Russia has cut the amount of the natural gas it sends to Europe by closing down a turbine on the Nord Stream 1 pipeline.
Speculation that it would do so caused international gas prices to leap again amid renewed fears of shortages.
Critics accuse the Russian government of using gas as a political weapon.
The Nord Stream 1 pipeline stretches 1,200km (745 miles) under the Baltic Sea from the Russian coast near St Petersburg to north-eastern Germany.
It opened in 2011, and can send a maximum of 170m cubic metres of gas per day from Russia to Germany.
It is owned and operated by Nord Stream AG, whose majority shareholder is the Russian state-owned company Gazprom.
Germany imports 55% of its gas from Russia and most of it comes through Nord Stream 1 - with the rest coming from land-based pipelines.
Germany also agreed to the building of a parallel pipeline - Nord Stream 2 - but it never became operational due to the Russian invasion of Ukraine.
In May, Gazprom closed the Yamal gas pipeline, which runs through Belarus and Poland and delivers gas to Germany and other European nations.
Then, in mid-June, Gazprom cut gas deliveries through Nord Stream 1 by 75% - from 170m cubic metres of gas a day to roughly 40m cubic metres.

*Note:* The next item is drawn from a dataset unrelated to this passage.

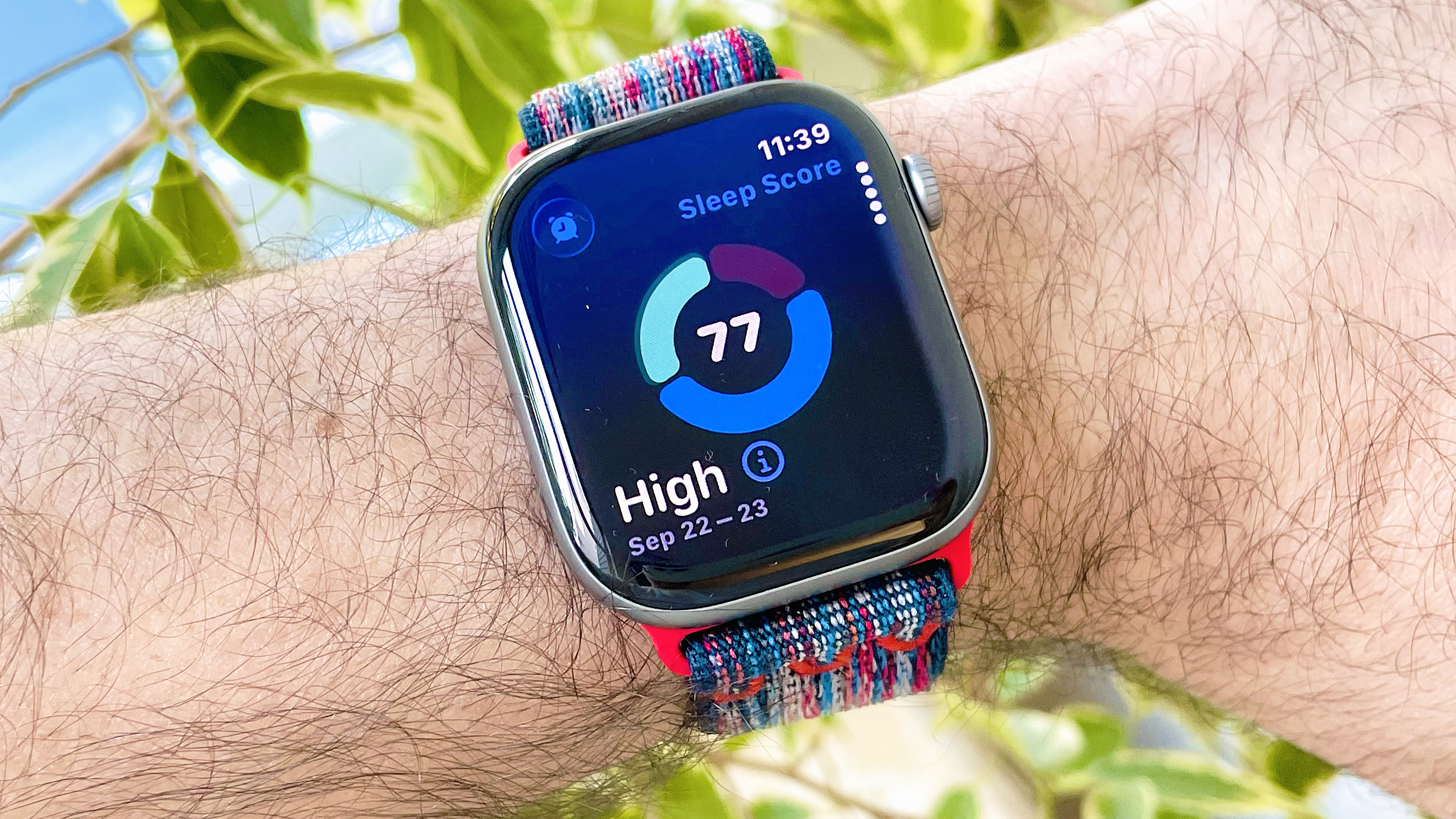 Κοντινό πλάνο του Apple Watch Series 11 που δείχνει τη βαθμολογία ύπνου ενός χρήστη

In early July, it shut down Nord Stream 1 for 10 days, citing the need for maintenance work.
Now, shortly after reopening it, Gazprom has halved the amount supplied to 20m cubic metres.
When Russia announced its intention to restrict supply, within a day it had pushed up the wholesale price of gas in Europe by 10%.

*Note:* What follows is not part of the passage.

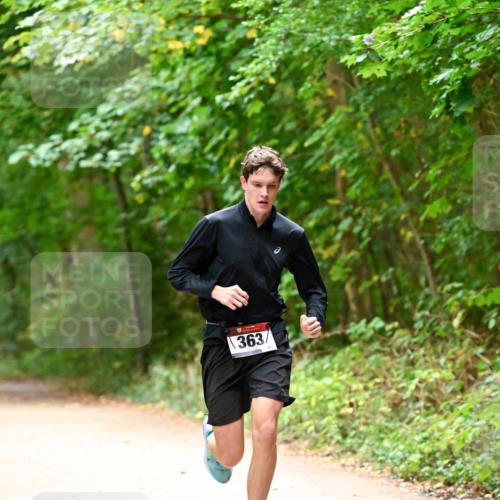 11.10.2026 - Bramfelder Halbmarathon 2026 Dr. Thomas Lammeyer http://msf.ph/oto/10818771 11.10.2026 10:09:07 Laufen 363 meine-sportfotos.de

Gas prices are now 450% higher than they were this time last year.
"The market is so tight at the moment that any disruption in supply causes more hikes in the price of gas," says Carole Nakhle, CEO of analysts Crystol Energy.
"This could cause slowdowns in European economies and accelerate the route towards recession."

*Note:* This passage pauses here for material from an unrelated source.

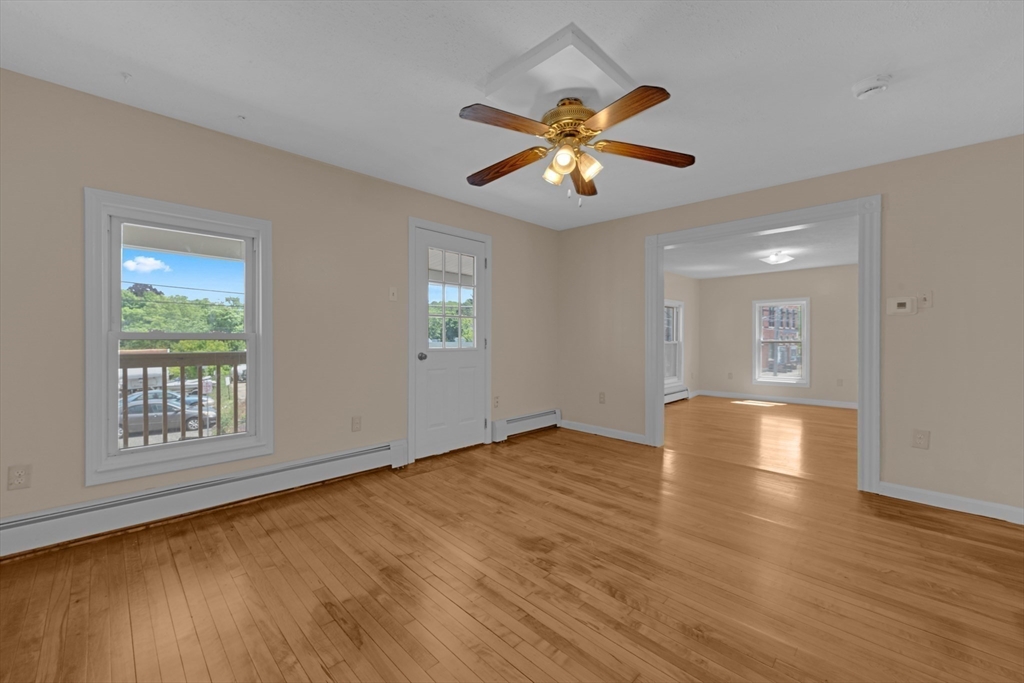 21 Pleasant St 25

Gazprom says it is cutting supplies because it needs to close one of the turbines for maintenance, but few in Europe believe it.
The German government has said there are no technical reasons for Gazprom limiting supplies.
The EU's energy policy chief Kadri Simson described the move as "politically motivated".
Ukraine's President Volodymyr Zelensky called it "an overt gas war that Russia is waging against a united Europe".
"Russia is weaponising gas more and more," says Kate Dourian, fellow at the London-based think tank, the Energy Institute.
"It is trying to show that it is still an energy superpower, and can retaliate [against] the sanctions Europe has put on it."
Ever since the outbreak of the war in Ukraine, Germany has been trying to get alternative supplies of gas from Norway and the Netherlands.
It is also buying five floating terminals to import liquefied natural gas from Qatar and the US, says Ms Dourian.
However, this will involve building new pipelines from the coast to the rest of Germany, which will take several months.
"You cannot build up a dependence on Russian gas as Germany has done, and change your sources of supply quickly," says Ms Nakhle.
Italy and Spain are trying to import more gas from Algeria.
Germany is also increasing its use of coal and extending the life of power stations which it had been planning to shut down - despite the environmental impact of doing these things.
"It's every man for himself," says Ms Dourian. "Everyone is taking their own steps to solve the energy shortage, and making their own deals."
Many European citizens are already taking steps themselves.
"In Germany," says Ms Nakhle, "people are buying wood stoves and installing solar panels. Everyone is taking actions to reduce their use of gas.
"So we should not underestimate how seriously people are taking the prospect of gas shortages."